Syntax and Semantics
Write down 2 + 3. On the page it is just five marks — a numeral, a
plus sign, another numeral, and the spaces between them. That arrangement of marks is the
syntax: the form of the expression, the shapes you are allowed to write.
But the marks mean something — they denote the number five. That meaning
is the semantics.
Every programming language lives a double life this way. Its syntax says which
strings of characters are well-formed — a grammar, a spell-checker for programs. Its
semantics says what those well-formed programs actually do or
mean. This one distinction — form versus meaning — is the backbone of
the whole subject, and it is what this page is about.
Grammatical but meaningless
Natural language shows the split cleanly. The linguist Noam Chomsky's sentence
"Colorless green ideas sleep furiously" is perfectly grammatical —
subject, adjectives, verb, adverb, all in the right places — yet it means nothing: ideas have no
colour, and cannot be both colourless and green, nor sleep. Syntax is satisfied; semantics is not.

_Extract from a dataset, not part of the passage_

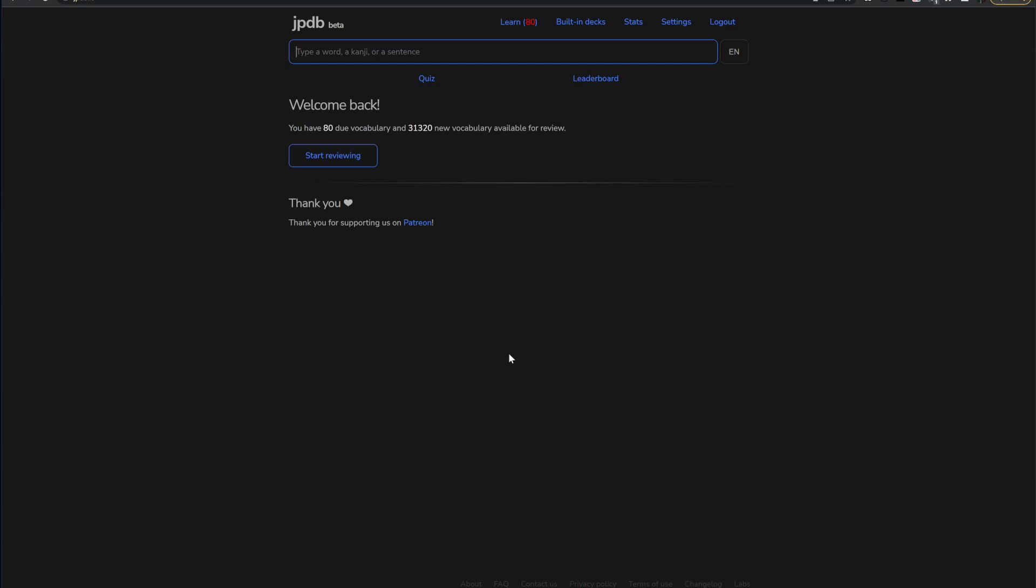Hey guys, just wanted to show some new flow that I started using when reviewing my JPDB cards just to kind of cut down on some of the number. So I'll show you the problem first and then I'll show you the solution that I have.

Programs do the same. A source file can pass the parser (good syntax) and still be nonsense — a
variable used before it exists, a number added to a function, a type mismatch. The parser is happy;
the meaning is broken. Keeping "well-formed" and "meaningful" apart is the first habit of
a language designer.
Concrete syntax: the characters you type
The concrete syntax is the literal text — every character, parenthesis and space.
Which strings count as legal is fixed by a grammar, usually written in
BNF (Backus–Naur Form) as a set of production rules. A grammar is exactly the kind
of formal-language machinery you met with
regular
expressions and languages, scaled up to describe nesting.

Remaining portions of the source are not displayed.